Click picture for additional photos and complete listing courtesy of Erik Schuler, Compass
Our featured home today is a beautiful Alameda Colonial revival designed by California architectural pioneer David Farquharson. Farquharson is probably best known today as the designer of South Hall, the oldest remaining building on the UC Berkeley campus, but his impact on the state’s early built landscape was immense. Starting in Sacramento in the 1850s and then moving to San Francisco shortly thereafter he was responsible for some of the most influential early buildings in Northern California. By the time he designed this particular home, he was 80 years old and had enjoyed a long and successful career but he was clearly still well versed in the latest styles of the day as well. It is no wonder that his influence was so great on the generations of architects that would follow in his footsteps – architects who would as a group create what we call today the Bay Region Style.
Click picture for additional photos and complete listing courtesy of Ernie Sexton, Sexton Group
Edificionado is pleased to have represented the buyers of the Torres-Rioseco house. There was no indication in the listing, but the home was originally designed for Poet and Berkeley professor of Latin American Languages, Arturo Torres-Rioseco and his wife Rosalie by influential local architect John Funk. Funk was a bit of a design celebrity at the time. One of the first homes that he designed after opening his own practice in 1938 was featured at the Museum of Modern Art in New York among works by Neutra, Wright, Gropius, Le Corbusier, Aalto, and Saarinen. Funk’s influence on our local Bay Region modernism is difficult to overstate. He was one of only a handful of Bay Area architects who were embracing modernist ideals before World War II and as a result his influence on the generation of architects that came out of Berkeley after the war was immense.
The Torres-Rioseco house is in many ways very typical of Funk’s best work with its simple plan and boxy visage. Also prominent are the trademark sunscreens that Funk managed to incorporate into many of his designs for both functional and aesthetic purposes.

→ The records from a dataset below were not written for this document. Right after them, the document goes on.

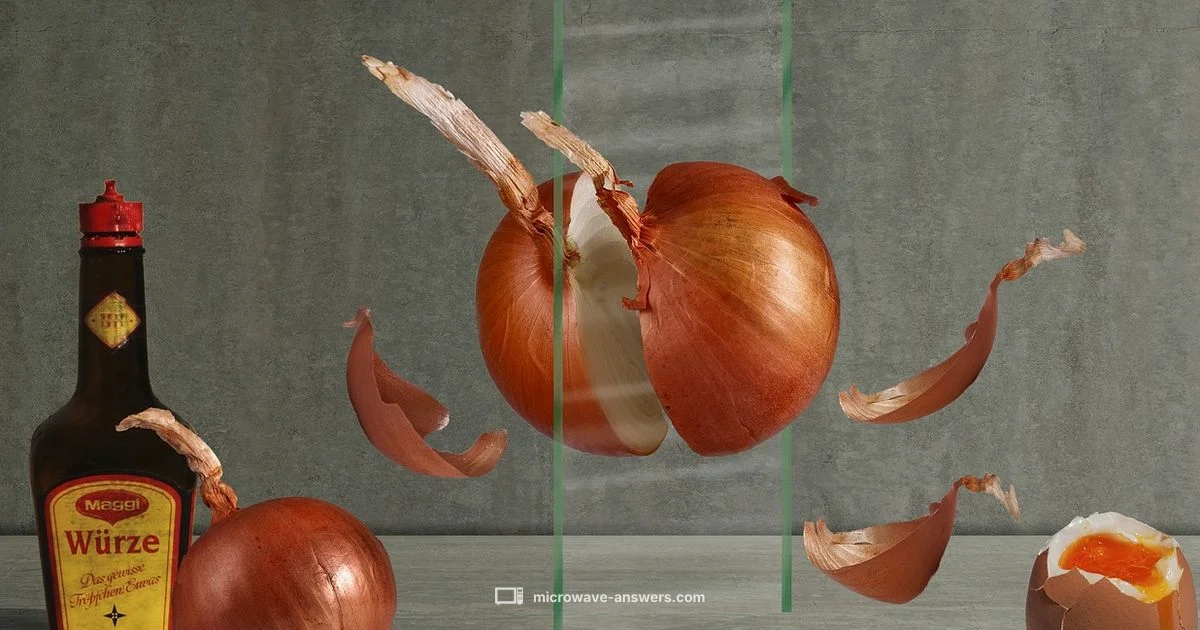 Glass Plate Replacement - Microwave Answers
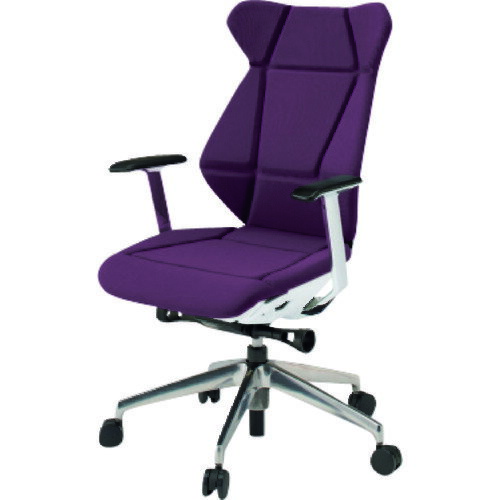 イトーキ（ITOKI）　フリップフラップチェア固定肘　【品番：KF-865GC-ZWX7】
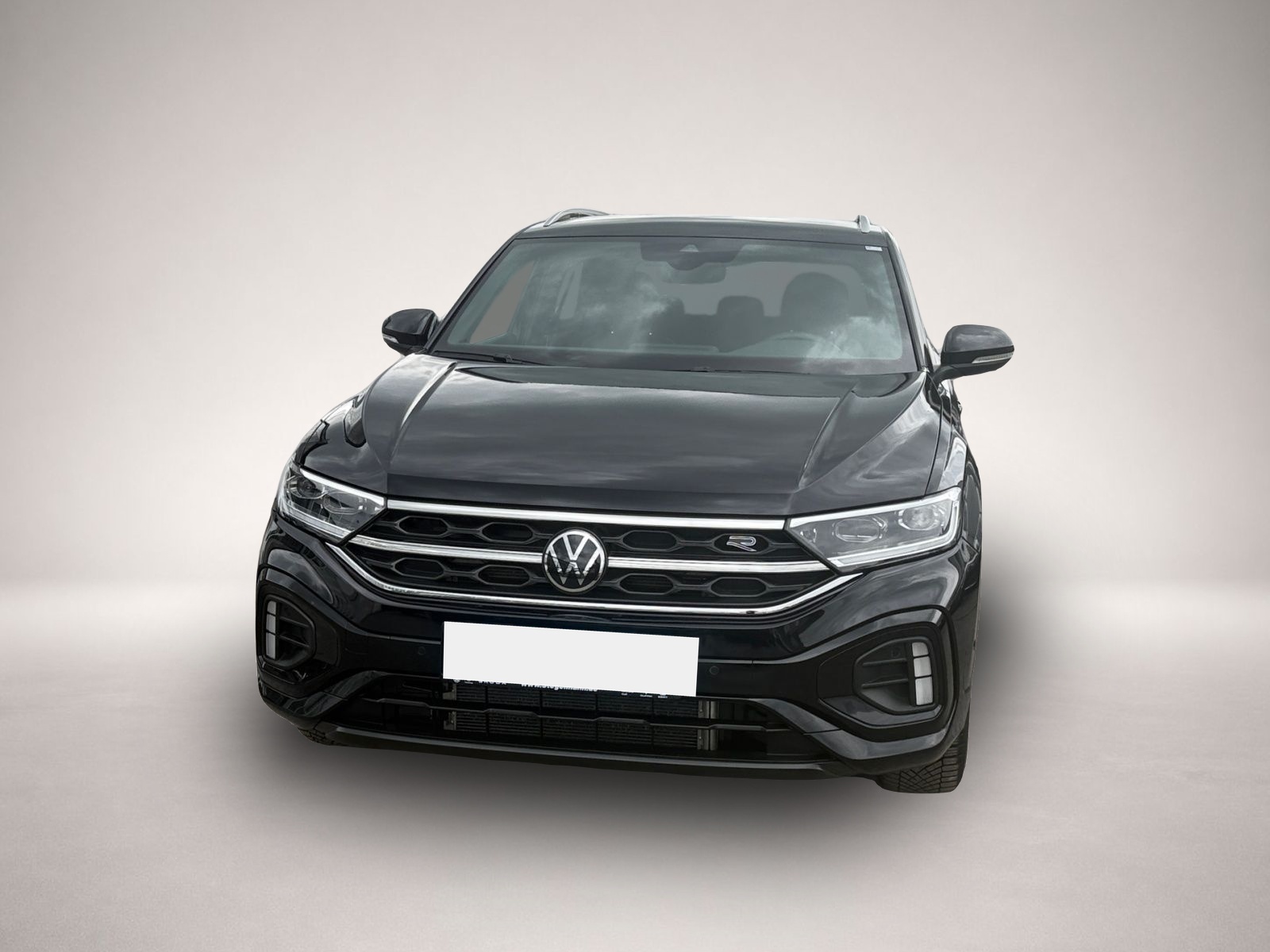 Volkswagen T-Roc (07/2025, Benzin)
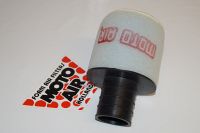 Luft filter SPEEDWAY FILTER 50MM STUDS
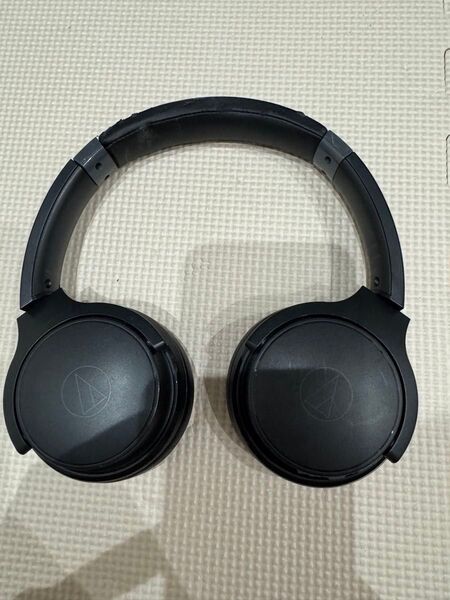 Audio-Technica ATH-S220BT ヘッドセット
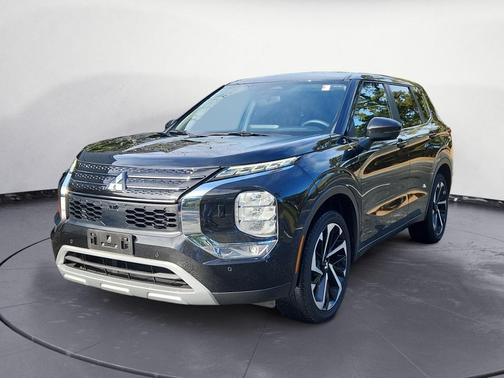 2024 Mitsubishi Outlander SE 2.5 S-AWC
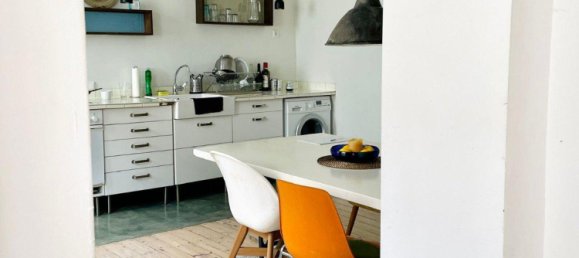 Apartamento de 1 dormitorio en Neukolln, Germany No. 263249 6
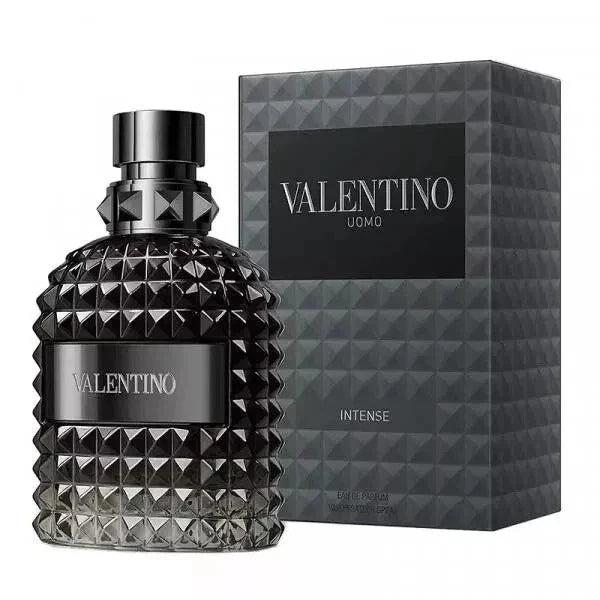 Valentino Uomo Intense Eau de Parfum 3.4 oz for Men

Click picture for additional photos and complete listing courtesy of Anne Culbertson, Compass
This modest mid-century jewel box was designed by prolific local architect Henry Hill fairly early in his long and productive career. It has seen a bit of modification over the years so that the colorful flash that Hill liked to incorporate into every home is not readily apparent today. Even so, Hill’s thoughtful organization of space and careful placement of glazing shines with each room oriented to best capture the views outside. It is a lovely example by one of the Bay Area’s most talented and versatile modernist designers.

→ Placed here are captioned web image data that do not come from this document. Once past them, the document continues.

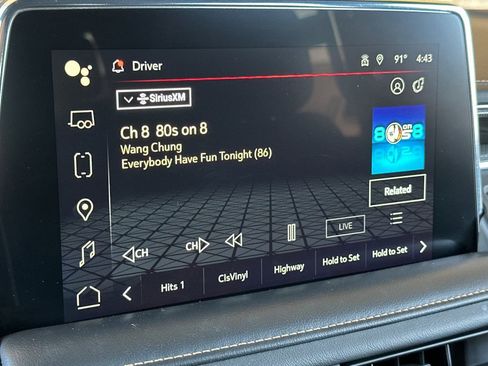 Certified 2022 GMC Yukon AT4 AWD/4WD image 20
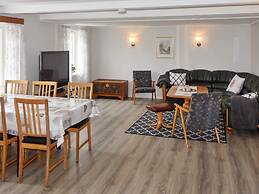 7 Person Holiday Home in Averoy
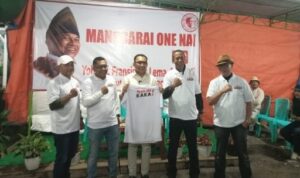 relawan muda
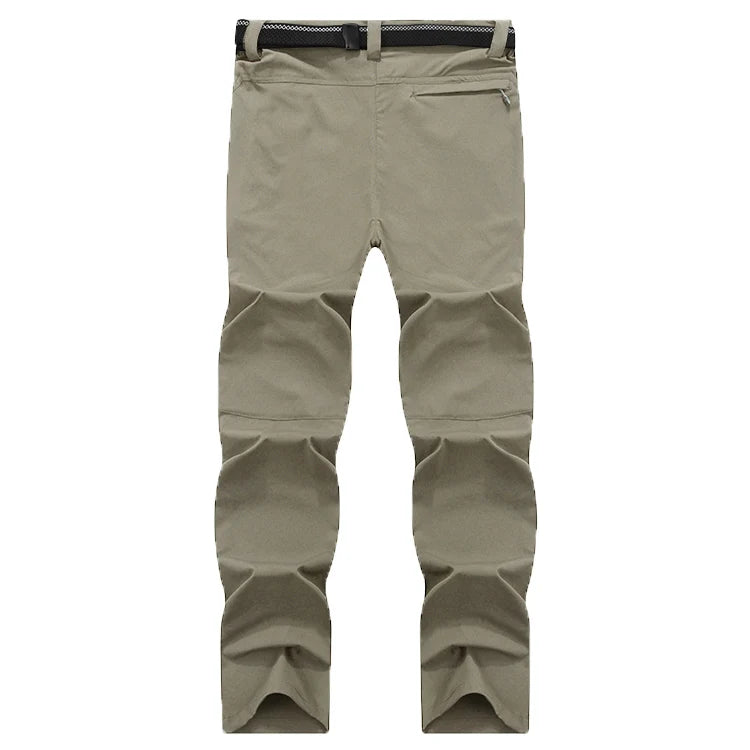Nordspur | Trektex Lightweight Stretch Outdoor Trousers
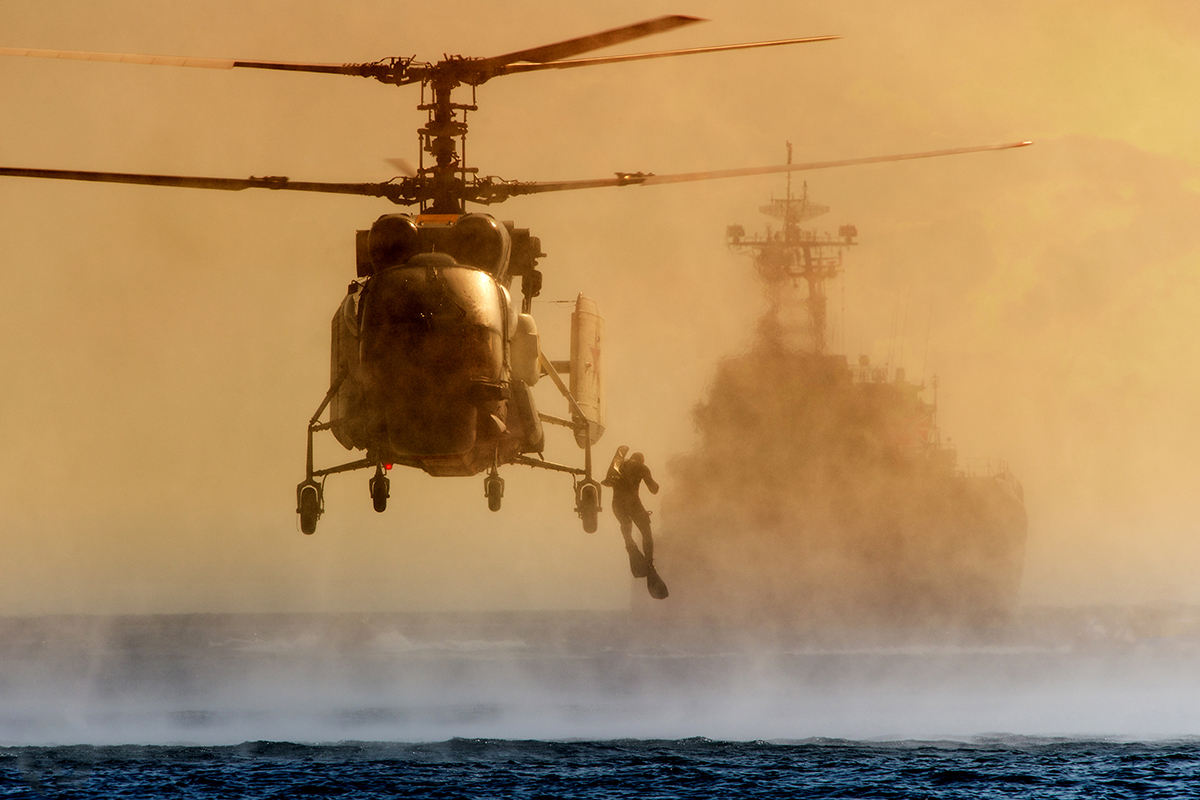 Special Operations Forces (Russia) 4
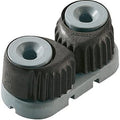 Ronstan C-Cleat Small 2-8mm, grå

Click picture for additional photos and complete listing courtesy of THomas Westfall, Compass
This exquisite Orinda mid-century is a beautifully preserved design by local East Bay architect Roger Lee. The home has only been on the market once before and it looks as though it has remained essentially unchanged since it was new. Lee was known for his modest modernist homes and this one is a perfect example of his striking ability create stunning environments in relatively compact spaces. For a bit of context about how amazingly little the home has changed over the years, we have included a few photos that were taken when the home was originally published in 1956.

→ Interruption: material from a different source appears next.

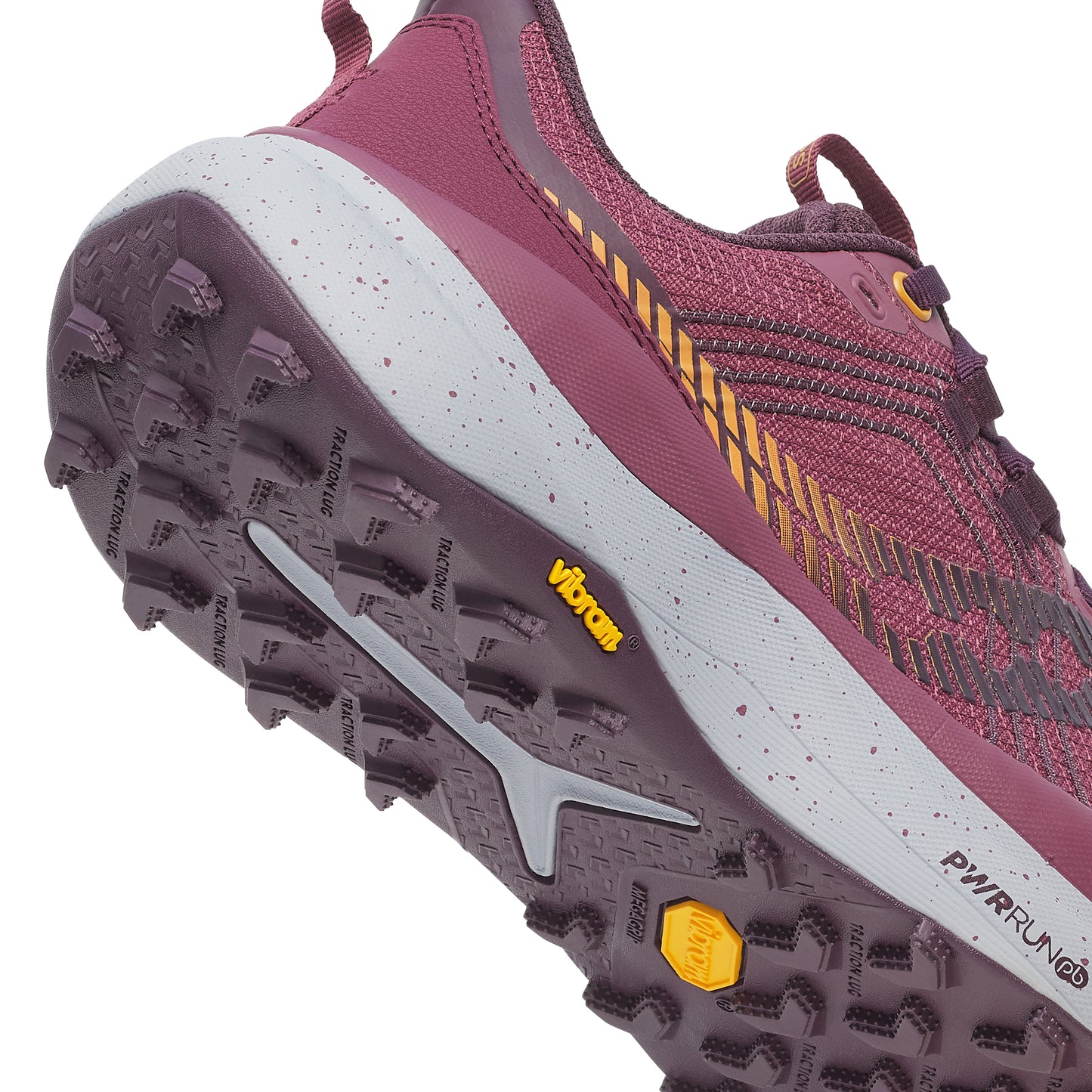SAUCONY XODUS ULTRA 4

Click picture for additional photos and complete listing courtesy of Martha Hill, Compass
This impressive Bay Region mid-century is another thoughtful design by the partnership of Lyman Jee and Jack Anderson. It was designed during the brief period when fellow Berkeley grad Wit Willer was part of the firm before he became principal architect for the UC Office of the President. The home is in need of a bit of love but it is full of great period fabric and could be quite exceptional with a little work. Most of Jee and Anderson’s homes are in and around El Cerrito where their first office was located so it is a treat to see one a bit farther afield in Oakland.